No, no quiero ocultar mi profundo enfado ante lo que considero incapacidad por parte de los máximos representantes políticos nacionales. Sí, el Estado les queda grande, cualquier cosa que no sea la ordenación interna de sus organizaciones les queda grande y ni aún así, también eso, les sobrepasa a juzgar por los resultados. Y es que se han rodeado de personal tal incapaz como ellos mismos, corifeos que por mantenerse en determinados puestos o medrar se muestran solícitos a adular, defender y proteger a unos líderes que deberían plantearse ocupar su tiempo y sus vidas en otras ocupaciones, otros quehaceres que no nos afectaran a los demás habida cuenta de su falta de competencia.

Recordarán que en los últimos tiempos eran muchas las voces que tildaban con afán despectivo a muchos de nuestros representantes de «políticos profesionales» para referirse a que habían convertido la política en su profesión. Ya lo siento pero niego la mayor. ¡Qué más quisiéramos que nuestros políticos fueran profesionales! Y escojo aquí la cuarta acepción que la RAE da al término profesional: «Dicho de una persona que ejerce su profesión con capacidad y aplicación relevantes».

¡Ojalá nuestros representantes nacionales fueran eso y ejercieran la política con capacidad y aplicación! Más que preocupante resulta casi frustrante. ¿Acaso nosotros no aprendimos y enseñamos a nuestros hijos, alumnos, jóvenes… que somos responsables de nuestras acciones y omisiones? ¿Les suena eso de algo a nuestros políticos de Madrid? Ya, ya sé, sé que ellos saben que es prácticamente imposible que, pese a su demostrada incompetencia, nada vaya a moverles de allí, nos han hecho cautivos y al hacerlo han usurpado la dignidad de la democracia.

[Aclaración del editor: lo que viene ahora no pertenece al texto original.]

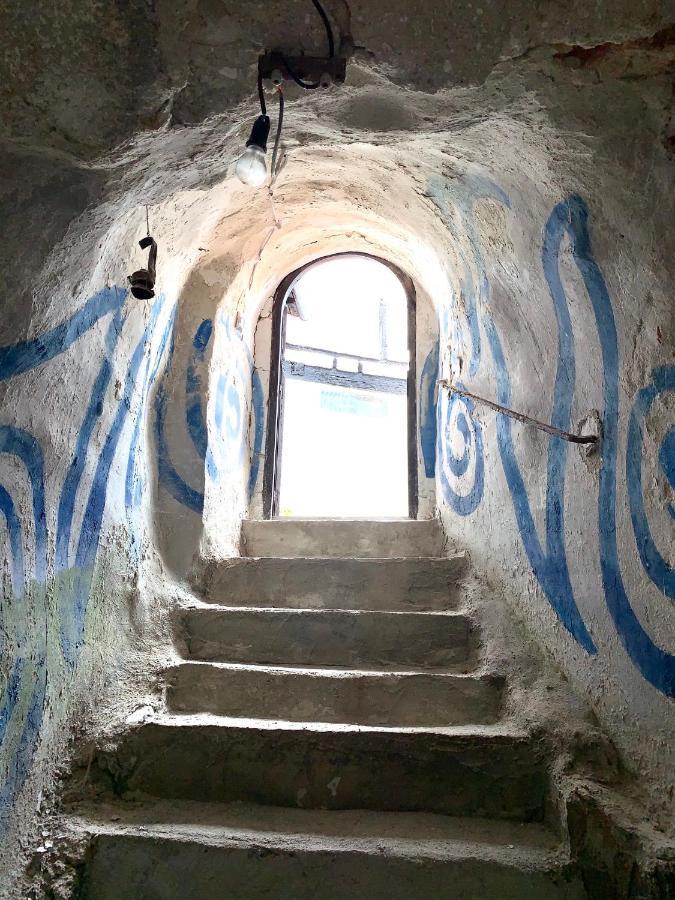 Villa Casa La Corrala Chinchón Esterno foto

Asistimos a la conversión de la «representación democrática» en una especie de «teatrocracia», riesgo del que ya alertó Platón en su República pero temo, con cierto vértigo, que los peligros no se queden ahí. Con su despotismo blando, con su habilidad para la tergiversación de los hechos y manipulación del lenguaje llevan camino de que la ciudadanía acabemos percibiendo nuestra democracia como una especie de «tontocracia» entendida esta no tanto como gobierno de los tontos sino como forma de representación que toma por tontos a los ciudadanos a quienes gobierna. Supongo que en Aragón a este ejercicio que acabo de hacer se le llama remangarse, no me lo tomen como un desahogo sino como un alegato en defensa de la dignidad de la democracia y de los demócratas. Gracias.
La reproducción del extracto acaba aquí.